1. “IL CADAVERE SOLLECITA UN’AUTOPSIA”, VIEN VOGLIA DI DIRE NELL’ESAMINARE LO STATO DI SALUTE (POLITICO) E L’EGO (SUICIDA) DEL PREMIER USCENTE, MARIO MONTI. CON QUELLA SUA OTTUSA PRETESA DI RESTARE AGGRAPPATO ALLA SCRIVANIA (DELL’INSUCCESSO) 2. NEL GIRO DI APPENA UN ANNO, GRAZIE A RE GIORGIO, IL PROF HA SALITO TUTTI I GRADINI ISTITUZIONALI (SENATORE A VITA E PREMIER), ACCOMPAGNATO DALLA FANFARA DEI GIORNALONI DEI POTERI MARCI CHE VEDEVANO IN LUI L’ULTIMO LEADER “DELL’ANTIPOLITICA” 3. IN QUEST’IMPRESA DISASTROSA C’È SOPRATTUTTO UN GIORNALE, IL “CORRIERE DELLA SERA”, CHE DOPO L’ENDORSEMENT (“AL BUIO” COME NEL POKER) CON IL BOCCONIANO MONTI È AGGRAPPATO ANCORA ALLA SUA “ZATTERA DELLA MÉDUSA”, DESTINATA A SICURO NAUFRAGIO

DAGOANALISI

"Il cadavere sollecita un'autopsia", sentenzierebbe il saggista James Hillmann nell'esaminare lo stato di salute (politico) e l'Ego (suicida) del premier uscente, Mario Monti. Nemmeno Sua Eternità, Giulio Andreotti, che della massima: "meglio tirare campare che tirare le cuoia" aveva fatto una sorta di filosofia di vita (governativa) può competere con l'ottusa pretesa di Rigor Mortis di restare aggrappato alla scala (dell'insuccesso) da cui presto dovrà scendere con sollievo del Bel Paese.

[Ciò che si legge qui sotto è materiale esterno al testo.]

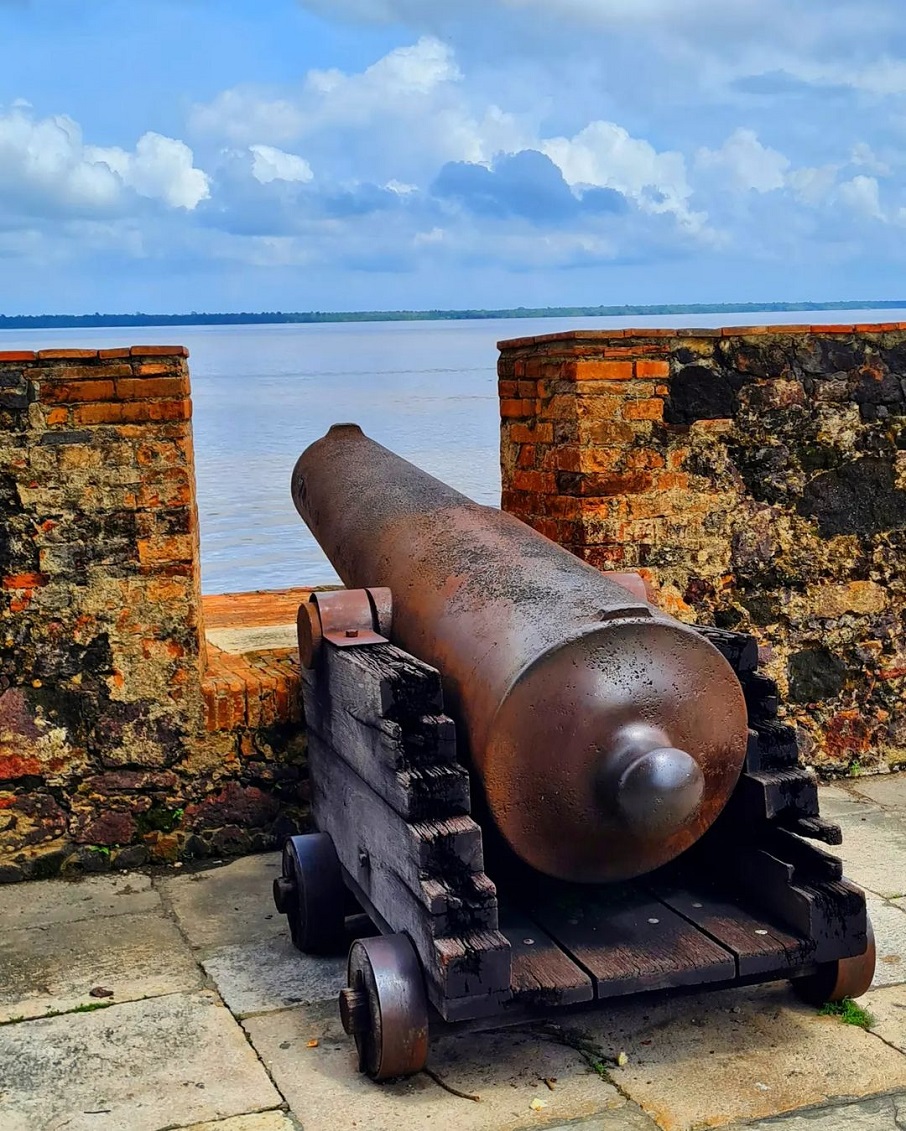 Canhão desativado no Forte do Presépio, em Belém do Pará. Foto: Reprodução/Instagram 05.05.2023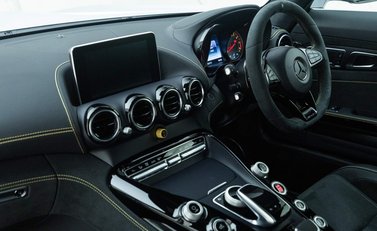 Mercedes-Benz AMG GT R Premium 12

Nel giro di appena un anno, e per grazia ricevuta da Re Giorgio, il Professore ha salito tutti i gradini istituzionali (senatore a vita e premier), accompagnato dalla fanfara dei giornaloni dei Poteri marci che vedevano in lui l'ultimo leader "a saldo" del partito "dell'antipolitica".
Il cane da guardia di un bipolarismo (mai nato) che con la sua agenda del rigore, elaborata da mani forti in terra d'Europa, ha portato l'Italia ha battere solo il record del debito pubblico.

Ma l'apprendista stregone della Bocconi pur di prolungare la sua vita a palazzo Chigi, tradendo le aspettative del Quirinale e della sua generosa maggioranza alle Camere (Pd-Pdl-Udc), si è candidato anche alle ultime elezioni politiche uscendone però con le ossa rotte. E portato al suicidio (politico) sia l'ex furbo Casini sia l'ex presidente di Montecitorio, Gianfranco Fini.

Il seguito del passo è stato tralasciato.